Lo que más atrae a quienes navegan por el Chamo suelen ser los cocodrilos. Son de gran tamaño y tienen su hábitat en la desembocadura del río Kolfo. A ese lugar se le conoce localmente como Mercado de Cocodrilos, un nombre absurdo y desafortunado, que evoca un comercio de animales o pieles que no existe ni por asomo.  En cambio, al otro lado de “El dedo de Dios”, ya en el lago Abaya, si que existe lo que se conoce como Rancho de Cocodrilos, una especie de granja que suma unos diez mil saurios en sus instalaciones, la mayoría menores de un año, y cuyo propósito declarado es estimular lo que denominan eufemísticamente la ‘industria’ del cocodrilo, así como educar al público sobre su importancia ecológica y económica, que incluye naturalmente el comercio de pieles y la explotación turística.

Por extraño que parezca, uno de los descubrimientos más extraordinarios que hice en Arba Minch fue el de la moringa, un árbol de pequeñas hojas con tantos nutrientes y virtudes que no me queda espacio para enumerarlos todos.
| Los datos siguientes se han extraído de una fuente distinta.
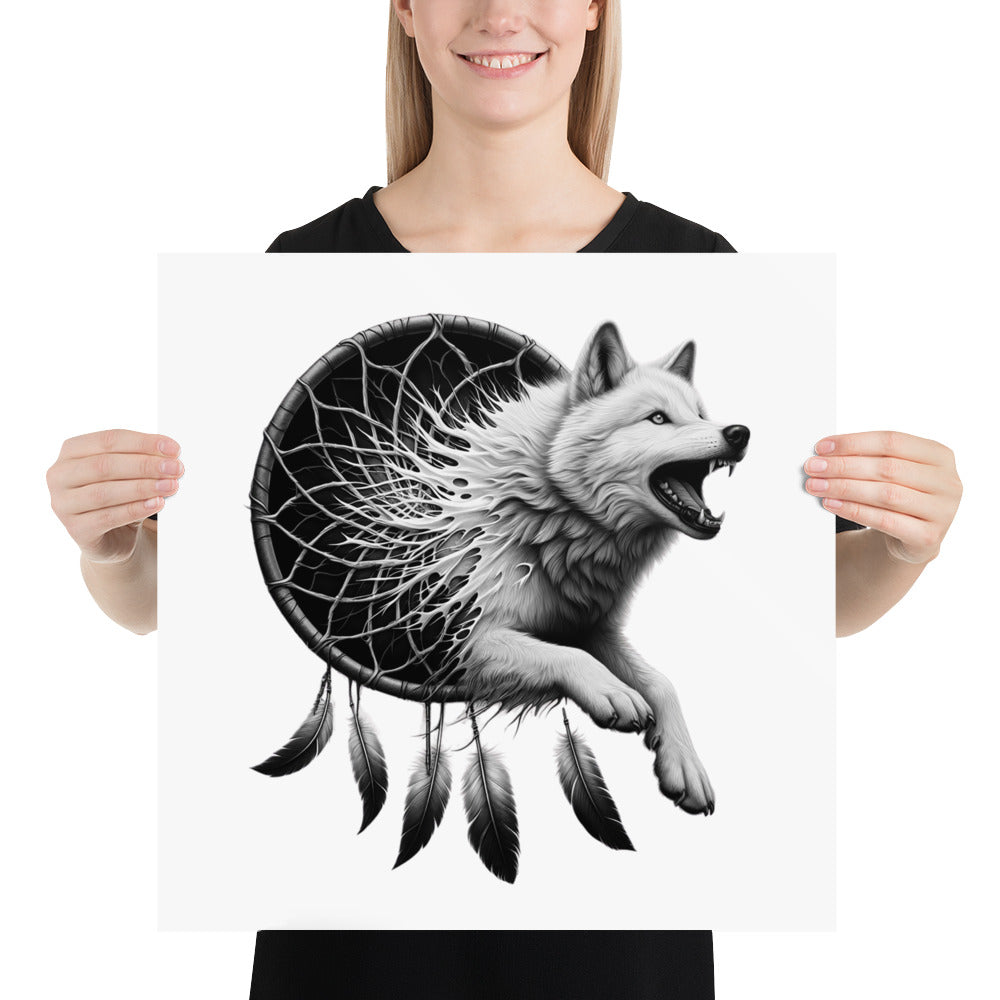 Dreamcatcher Wolf - Framed Poster Realistic Native American Talisman Mythology Graphic Design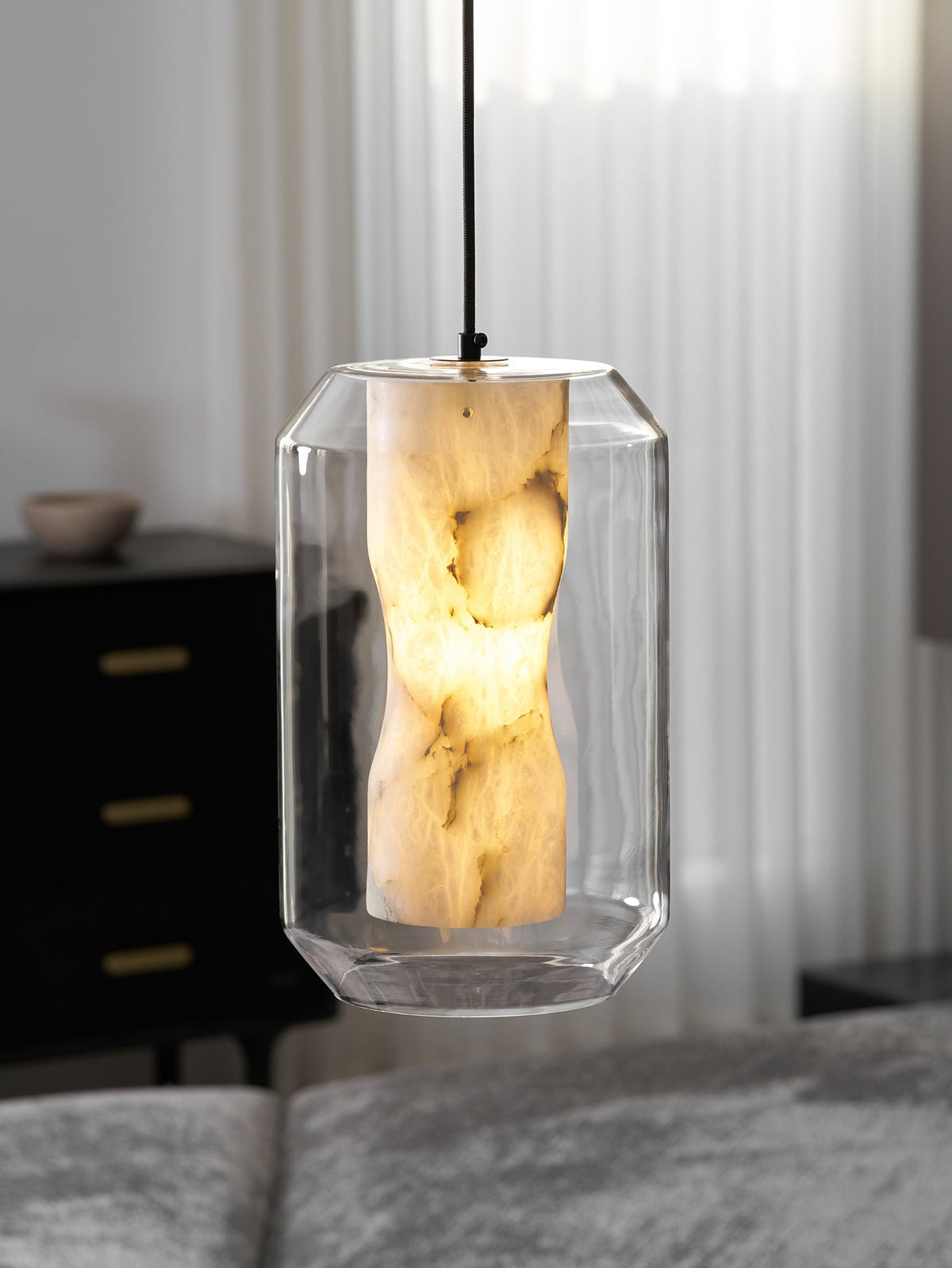 Hand-Carved Alabaster Cylinder Pendant Light in Glass Shell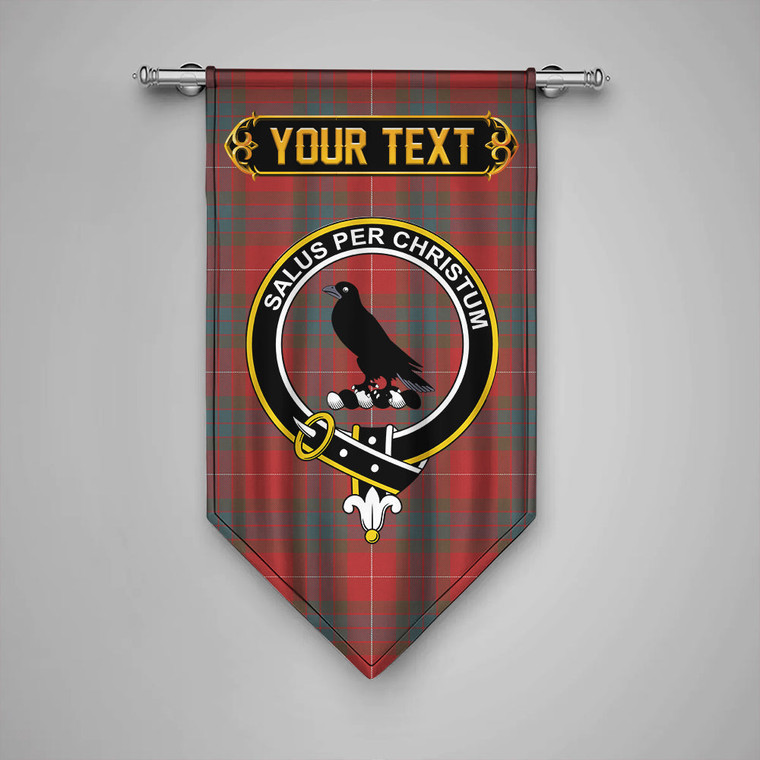 Scottish Abernethy Weathered Clan Crest Tartan Gonfalon Custom Personalized Tartan Blether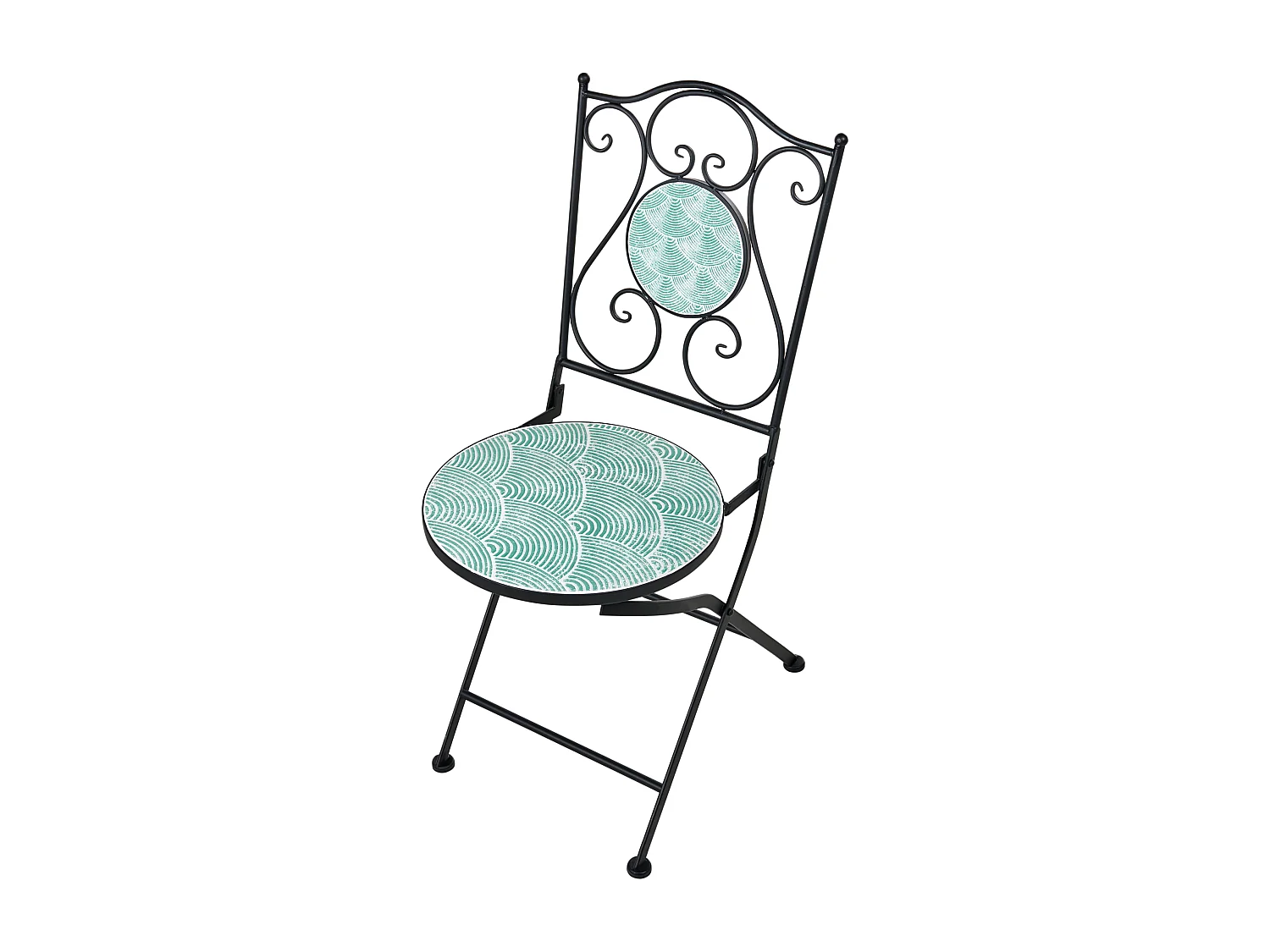 Lot de 2 chaises de jardin ANAPO Pliant Métal Noir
Baste decir que en Etiopía lo llaman ‘El árbol de Dios’, por la cantidad de vidas que ha salvado en épocas de hambruna. En un restaurante asomado al infinito comí por primera vez estas hojas milagrosas: primero, crudas en ensalada (frescas y jugosas); después, cocidas como si fueran espinacas (extraordinarias); y finalmente, hervidas en infusión. Al indagar en internet, ya supe que se trata de una alimento de moda que se vende en los herbolarios de todo el mundo. Un kilo de moringa en polvo viene a costar en Arba Minch unos céntimos de euro. En los herbolarios de Madrid también puede comprarse moringa en paquetes de 200 gramos, pero al escandaloso precio de 24 euros, o sea, 120 euros el kilo.

Hojas de moringa, el ‘árbol de Dios’/ Foto: Sonia Givray

Y tras este día tan especial en un lugar tan extraordinario, me dispongo a viajar en el tiempo al encuentro de algunas de las tribus más remotas del mundo. Lo iré contando en próximas crónicas.